Bristol, Virginia Casino Developers Donate $310,000 to State Political Campaigns

Posted on: October 21, 2019, 06:12h. 

Last updated on: October 21, 2019, 11:06h.

Virginia state legislators so far have gotten over $310,000 in contributions through a new political action committee (PAC) from the developers of the proposed Bristol Resort and Casino, according to news reports.

Jim McGlothlin, president of The United Co., is one of two partners leading an effort to bring a casino to Bristol, Virginia. (Image: Bristol Herald Courier)

The Betting on Virginia Jobs PAC donated $311,500 to 50 state Senate and House campaigns during August and September, the Bristol Herald Courier reported, citing data from the Virginia Public Access Project.

To support the commercial casino cause, Jim McGlothlin, president of The United Co., and Clyde Stacy, CEO of Par Ventures, set up the PAC. Each paid $50,000 earlier this year for the committee’s founding.

Since then, either individually or through their companies, the men in total have donated $450,000 to the PAC, the Herald Courier said.

United Co. gave $225,000.  Stacy contributed $125,000. Par Ventures gave $100,000.

As of earlier this year, Bristol Casino Resort employed eight registered lobbyists. They advocate on behalf of the Bristol casino to politicians and the public.

State legislators gave initial backing for the $250 million Bristol Resort and Casino — which if supported by local voters and re-enacted later by the legislature — could be located in the vacant Bristol Mall, located near the Virginia-Tennessee border.

We know first-hand the significant challenges our local economy faces,” the Bristol casino developers said in a recent statement. “These contributions help make sure our elected officials in Richmond also understand these challenges and the importance of finding solutions to these issues.

“This project will benefit residents in Bristol and across Southwest Virginia by bringing much-needed new jobs and additional tax revenue to the region,” the statement adds. “The PAC was formed for those interested in helping advocate for bringing jobs and economic development to the cities contemplated in the legislation allowing for casinos.”

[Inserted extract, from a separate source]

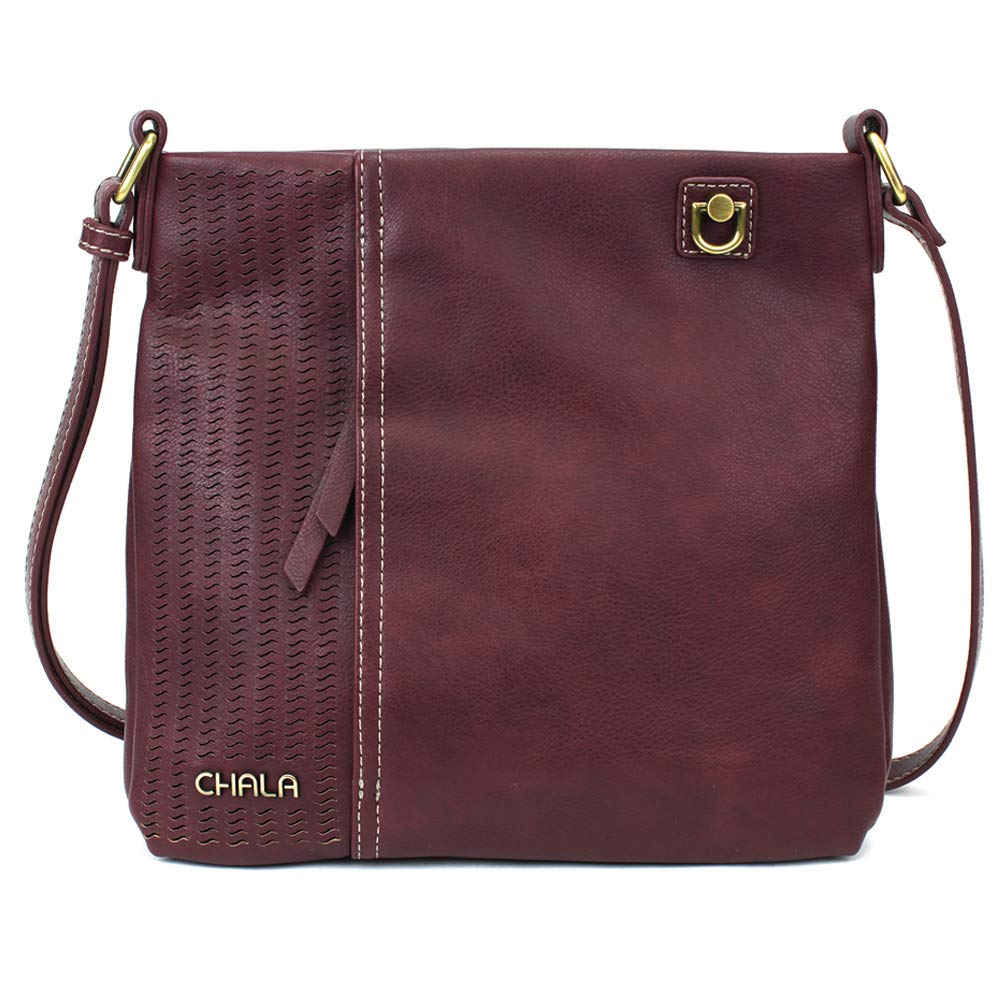 CHALA Women's Laser Cut Crossbody Bag - Faux Leather Purse in Plum Color - Perfect for Work, Travel & Everyday Use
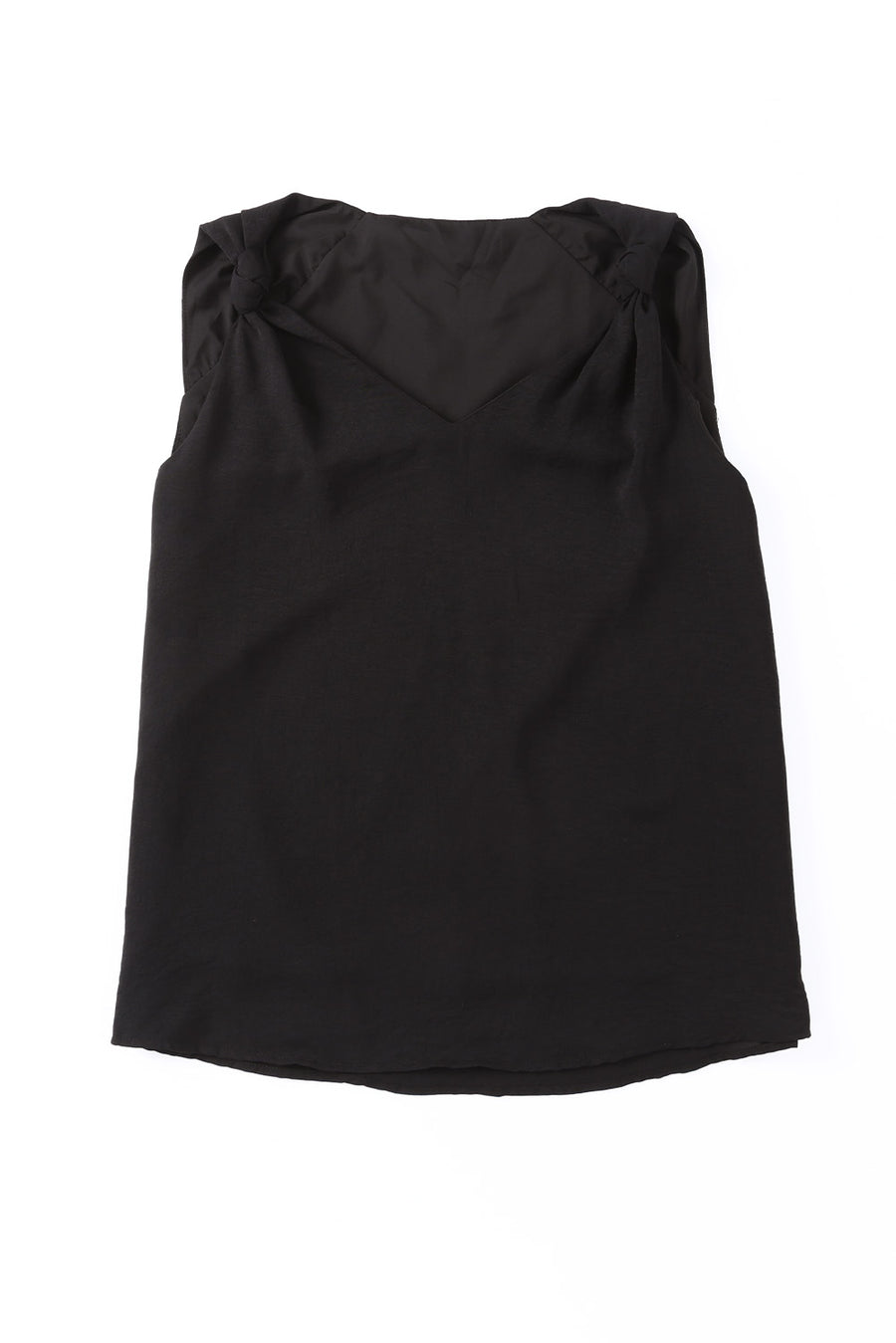 Black V-Neck Knotted Shoulder Tank Top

As envisioned, the 90,000-square foot casino could lead to 5,200 new jobs. There would be non-gaming attractions at the venue, too.

Casinos Proposed for Five Virginia Cities

The Bristol proposal was included in a bill that gave Bristol, as well as Danville, Norfolk, Portsmouth, and Richmond preliminary approval by Virginia’s General Assembly to open a casino. The legislature is expected to vote again on the casino proposal next year under the re-enactment process required by the state on many controversial issues.

Currently, the state is undertaking an extensive government study on the casino plan. The study is scheduled to be released in December.

Local referendums also need to be held in each of the cities approved for a casino. The votes are possible next year.

The proposal calls for the cities and their surrounding regions to get additional tax revenue from the casinos. The Bristol casino would provide $26.8 million in tax dollars to the city annually, according to early estimates.

Casino developers also project gambling revenues from the venue to be about $150 million in the first year of operation. Non-gaming revenue will total about $106 million in the first year.

As planned, the Virginia Lottery Board would oversee gambling in the Old Dominion state. The board still must write up relevant regulations.

Competing Casinos Possible

If built, the Bristol venue could find competition from a proposed casino in Jenkins, Kentucky, according to WCYB TV. But for now, state politicians in Kentucky disagree over gambling expansion in the state.

Tennessee could also have rival gaming venues. But so far, politicians there have not backed commercial brick and mortar casinos.

Beyond potential commercial casinos in neighboring states, the Pamunkey Indian Tribe wants to set up two tribal casinos in Virginia. Earlier this year, the Norfolk City Council approved a Pamunkey tribal plan to build a $700 million integrated resort along the city’s waterfront.

Currently, Virginia is one of eight US states without any tribal or commercial casinos.